Artist

The Dramatics

Genre: R&B ,Soul ,Quiet Storm ,Smooth Soul
Origin: U.S.A
Active: 1964 - Present
Listen on Coda
Initially performing under the moniker the Dynamics, the six-voice ensemble of Rob Davis, Ron Banks, Larry Reed, Robert Ellington, Larry "Squirrel" Demps, and Elbert Wilkens issued a pair of singles on the Wingate imprint that failed to register on any chart. After Ellington departed, the lineup shrank to five members and adopted the name the Dramatics. The act then moved to the Sport label, where its first chart entry arrived in 1967 with the single “All Because of You,” which climbed to number 42 on the R&B survey. Limited sales and mounting frustration among several members soon triggered further turnover: lead vocalist Reed stepped aside for William “Wee Gee” Howard, while Willie Ford of the Capitols assumed Rob Davis’s bass role. Around the same period the Dramatics aligned with producer Don Davis’s production company.
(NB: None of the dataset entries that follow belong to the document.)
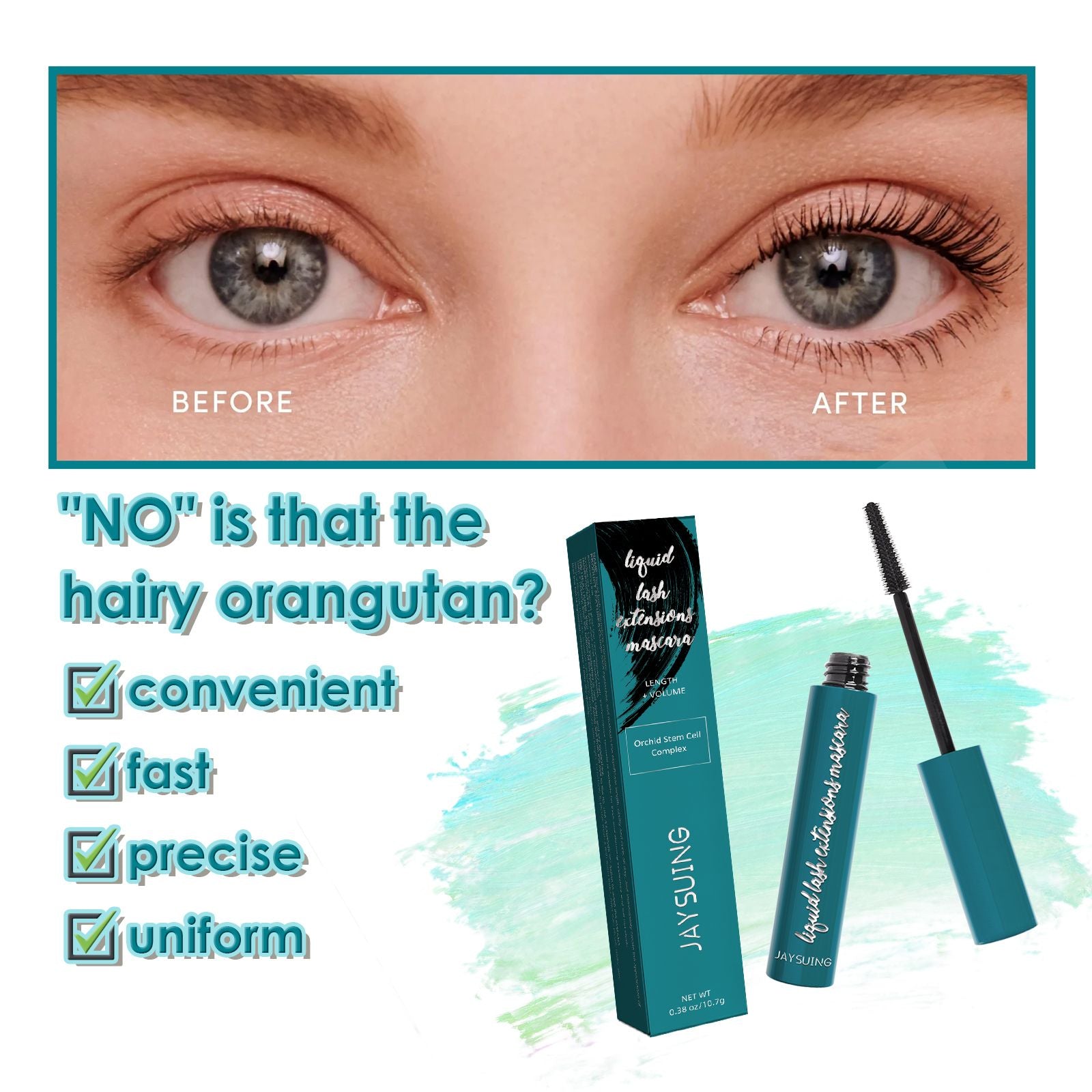 Jaysuing Wimperntusche, lang, dünn, dick, Wimpern schwungvoll, das Make-up hält natürlich, ohne zu verschmieren, schwarze Wimperntusche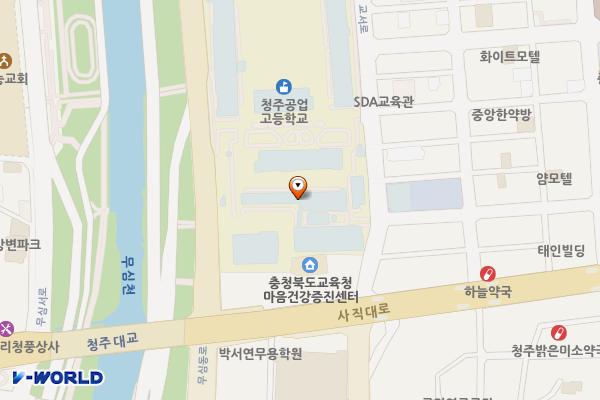 청주공업고등학교앞 위치 지도 — 충청북도 청주시 상당구 교서로 17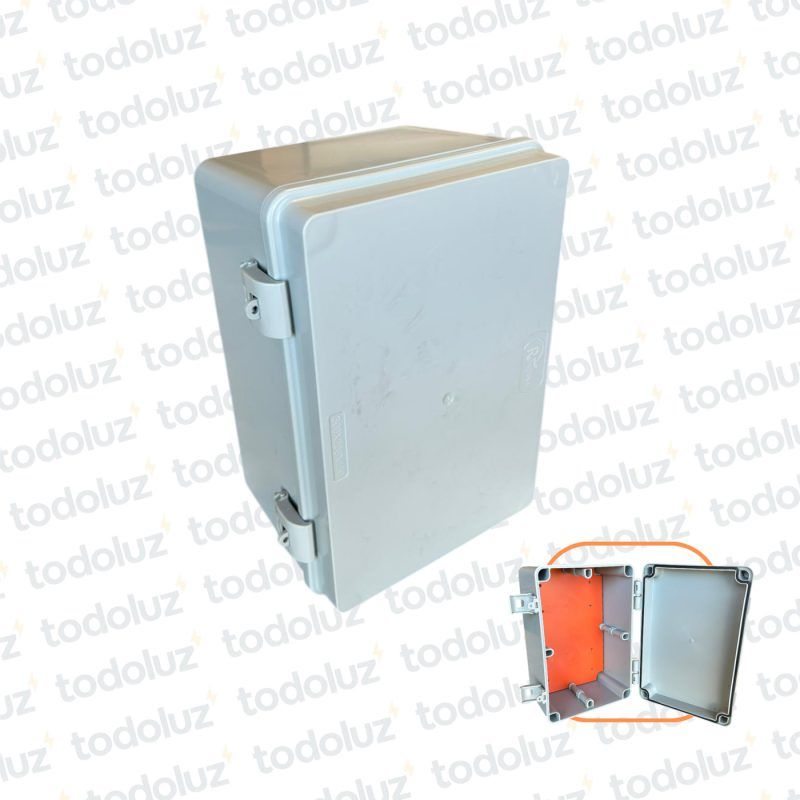 Gabinete Ext Plastico 300x200x150mm Gris IP68 c/ Placa de Montaje Tapa Opaco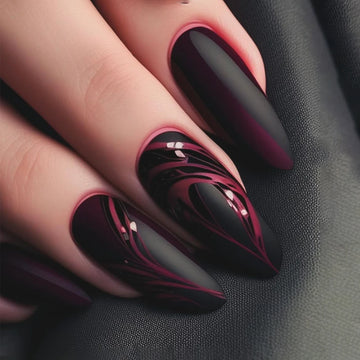 24 medium almond nails and winter black matte texture| fake nails manicures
Despite the lineup stabilizing, commercial momentum remained elusive. From 1967 through 1971 the group made scant impression on national charts or sales reports. Late in 1971, Don Davis called the members into the studio to cut songwriter Tony Hester’s “Watcha See Is Watcha Get.” The track became the Dramatics’ breakthrough, rising to number three on the R&B chart and lingering for fifteen weeks. Its follow-up, “Get Up and Get Down,” also reached the R&B Top Ten.

The next year Hester supplied another composition, “In the Rain,” which seized the top spot on the R&B chart for four straight weeks and simultaneously peaked at number five on the pop chart. Even as national visibility grew, internal shifts continued. Larry “L.J.” Reynolds, formerly of Chocolate Syrup and then pursuing solo work, encountered Ron Banks backstage at the Apollo after one of the group’s shows. With Howard absent that evening, Reynolds auditioned on the spot; shortly afterward he began filling in during Howard’s occasional absences, all while remaining under contract to Don Davis’s company.

Howard’s permanent exit in 1973 cleared the way for Reynolds to join full-time, an addition signaled by the R&B Top Ten single “Hey You! Get Off My Mountain.” Concurrently, Lenny Mayes took Elbert Wilkens’s place, prompting Wilkens to launch his own touring version of the Dramatics. Legal complications during this overlap led the original act to bill itself temporarily as Ron Banks & the Dramatics.

Throughout the disco era the group sustained a run of mainly R&B Top 20 singles, returning to the R&B Top Ten only once more with “Welcome Back Home” in 1980. Reynolds launched a solo career in 1981, and the band dissolved after Banks went solo in 1983. Periodic reunions followed, yielding fresh recordings every three or four years from the early eighties onward and occasional joint concert appearances.